The disclosure provides a system for manufacturing a multi-sectional offshore floating platform, comprising a truss having one or more legs having an upper portion and a lower portion; and a skirt tank coupled to the upper portion of the legs, the skirt tank comprising: a peripheral outer shell; an upper deck disposed at least partially across a cross-sectional portion of the outer shell and coupled to the outer shell, the upper deck having a skirt mating portion; and a lower deck disposed at least partially across a cross-sectional portion of the outer shell and coupled to the outer shell distally from the upper deck and toward the lower portion of the legs; at least one deck having an opening therethrough and the skirt tank being buoyant above a water level that is lower than the opening. The multi-sectional offshore floating platform further comprises a hull having one or more buoyancy tanks and a hull mating portion disposed adjacent the skirt mating portion, the mating portions configured to be at least partially sealingly coupled together.

The disclosure also provides a method of manufacturing a multi-sectional offshore floating platform, the floating platform having at least two sections, one section being a truss with a skirt tank, the skirt tank having a peripheral outer shell with an upper deck and a lower deck disposed at least partially across a cross-sectional portion of the outer shell and coupled to the outer shell with an opening through at least one of the decks, the upper deck having a skirt mating portion, and a second section being a hull with a hull mating portion, the method comprising: floating the upper portion of the truss with the skirt tank at a water level that is below the opening in the decks; aligning the skirt mating portion and the hull mating portion; sealingly coupling a first portion of an interface between the skirt mating portion and the hull mating portion together above the water level in a first orientation; rotating the truss with the skirt mating portion and the hull with the hull mating portion to a second orientation around a longitudinal axis; and coupling a second portion of the interface between the skirt mating portion and the hull mating portion together above the water level in the second orientation that was previously below the water level in the first orientation.

BRIEF DESCRIPTION OF THE SEVERAL VIEWS OF THE DRAWINGS

FIG. 1 is a side schematic view of a prior art truss spar hull with an additional temporary float tank using a method to couple a truss with a spar hull.

FIG. 2 is a side schematic view of an exemplary embodiment of a truss spar hull platform with a truss having a skirt tank adjacent a spar hull before assembly.

FIG. 3 is a lower end schematic view of a lower deck of the skirt tank of the truss.

FIG. 4 is an upper end schematic view of an upper deck of the skirt tank.

FIG. 5 is a perspective schematic view of the truss without the adjacent hull to illustrate a first orientation of the truss prior to coupling to the hull.

FIG. 6 is an end schematic view of the upper deck of the skirt tank oriented in the first orientation of FIG. 5.

FIG. 7 is a side view of the truss sealingly coupled to the hull at a first interface portion in the first orientation above the water level.

FIG. 8 is a perspective schematic view of the truss without the adjacent hull to illustrate a second orientation of the truss that is rotated from the first orientation.

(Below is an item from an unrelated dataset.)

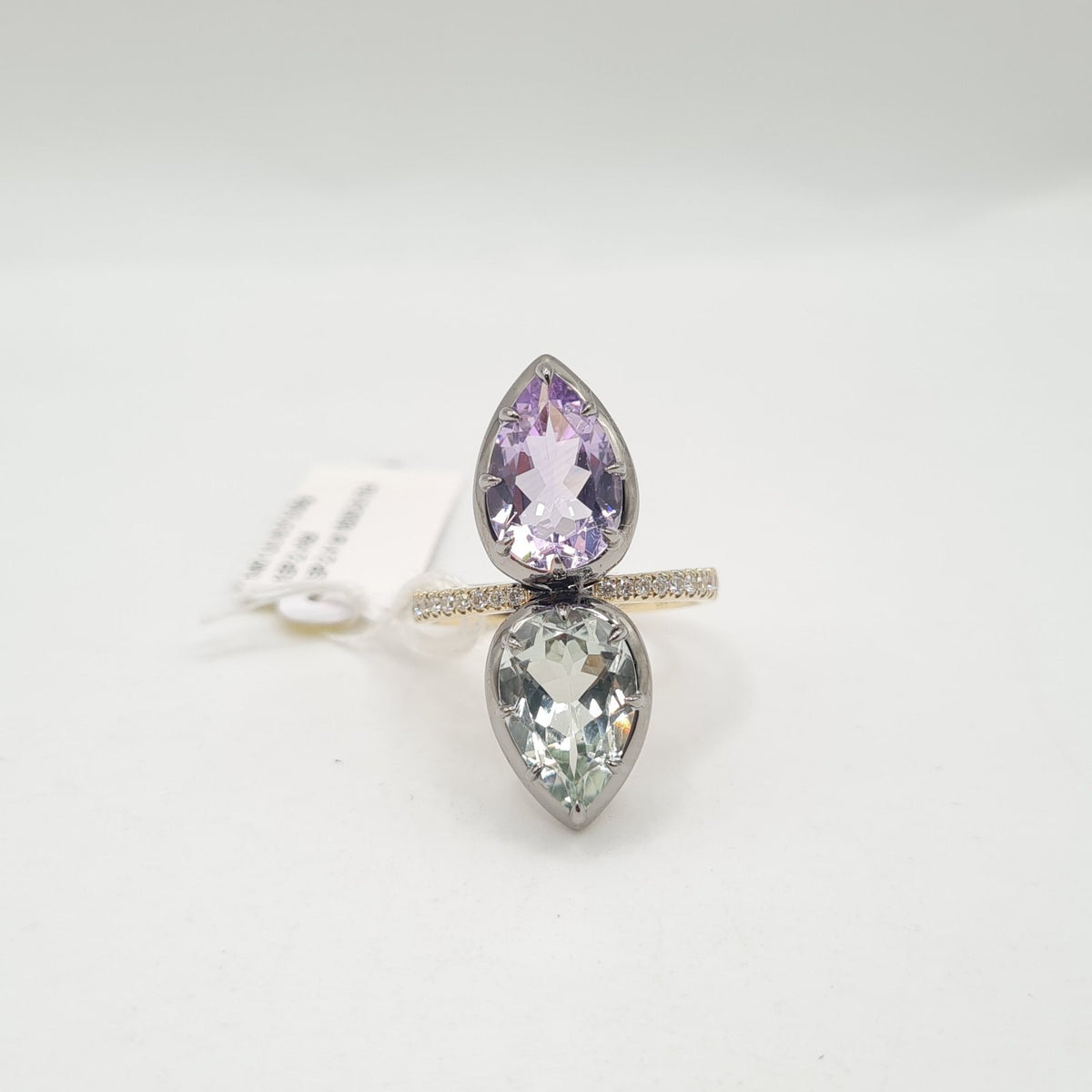X Amethyst & Green Quartz Gemstones Toi et Moi Diamond Ring 14K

FIG. 9 is an end schematic view of the upper deck of the skirt tank oriented in the second orientation of FIG. 8.

FIG. 10 is a side view of the truss sealingly coupled with the hull at a second interface portion in the second orientation above the water level.

DETAILED DESCRIPTION OF THE INVENTION

The Figures described above and the written description of specific structures and functions below are not presented to limit the scope of what Applicant has invented or the scope of the appended claims. Rather, the Figures and written description are provided to teach any person skilled in the art to make and use the inventions for which patent protection is sought. Those skilled in the art will appreciate that not all features of a commercial embodiment of the inventions are described or shown for the sake of clarity and understanding. Persons of skill in this art will also appreciate that the development of an actual commercial embodiment incorporating aspects of the present disclosure will require numerous implementation-specific decisions to achieve the developer's ultimate goal for the commercial embodiment. Such implementation-specific decisions may include, and likely are not limited to, compliance with system-related, business-related, government-related, and other constraints, which may vary by specific implementation, location and from time to time. While a developer's efforts might be complex and time-consuming in an absolute sense, such efforts would be, nevertheless, a routine undertaking for those of ordinary skill in this art having benefit of this disclosure. It must be understood that the inventions disclosed and taught herein are susceptible to numerous and various modifications and alternative forms. The use of a singular term, such as, but not limited to, “a,” is not intended as limiting of the number of items. Also, the use of relational terms, such as, but not limited to, “upper,” “lower,” “left,” “right,” “upper,” “lower,” “down,” “up,” “side,” and the like are used in the written description for clarity in specific reference to the Figures and are not intended to limit the scope of the invention or the appended claims. Where appropriate, some elements have been labeled with an “A or “B” to designate a member of a series of elements, or to describe a portion of an element. When referring generally to such elements, the number without the letter can be used. Further, such designations do not limit the number of elements that can be used for that function.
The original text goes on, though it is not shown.